A total of 59 percent of Republican voters indicated they want Trump to play a major role in their party going forward, a Politico/Morning Consult poll released on Monday found. That figure represents an 18-point increase from Jan. 7.
The same poll found 81 percent of Republicans now said they have a positive view of the former president, up from 77 percent early last month.
A majority of Republicans in the new survey — 53 percent — also said they would vote for Trump if the 2024 primary presidential primary were held today. Former Vice President Mike Pence had the support of 12 percent of Republicans while Donald Trump Jr. and former U.N. Ambassador Nikki Haley were each backed by 6 percent. All other Republicans named in the survey garnered support in the low single digits.
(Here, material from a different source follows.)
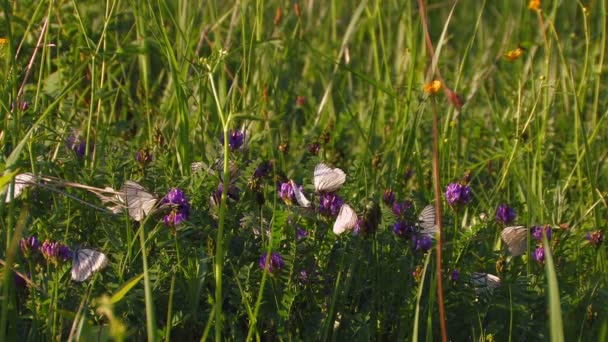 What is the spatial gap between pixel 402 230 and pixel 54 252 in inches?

The new survey was taken in the days following Trump’s acquittal in his Senate trial on one article of impeachment for inciting insurrection against the government stemming from rioting by his supporters at the U.S. Capitol on Jan. 6.
Seven Republican voted to convict Trump in his Senate trial, making it the most bipartisan impeachment vote in American history.
After voting to acquit Trump, Senate Minority Leader Mitch McConnell (R-Ky.) scolded Trump for inciting the mob, saying he was “morally” responsible for the violent outburst and charging him with a dangerous “dereliction of duty.”
In an op-ed written in The Wall Street Journal on Monday, McConnell said the outcome of Trump’s second impeachment “vindicated the Constitution, not Trump.”
“His behavior during and after the chaos was also unconscionable, from attacking Vice President Mike Pence during the riot to praising the criminals after it ended,” McConnell wrote. “I respect senators who reached the opposite answer. What deserves no respect claim that constitutional concerns are trivialities that courageous senators would have ignored.”
Republican senators who voted to acquit Trump argued the trial was unconstitutional because it took place after Trump had left office. If convicted, Trump would have been barred from holding public office again.
After he was acquitted, the former president celebrated the decision as a victory and suggested his “Make American Great Again” movement has “has only just begun.”
“In the months ahead, I have much to share with you, and I look forward to continuing our incredible journey together to achieve American greatness for all of our people,” Trump said in a statement.
The poll of 1,984 registered voters was conducted Feb. 14-15 and has a margin of error of 2 percentage points.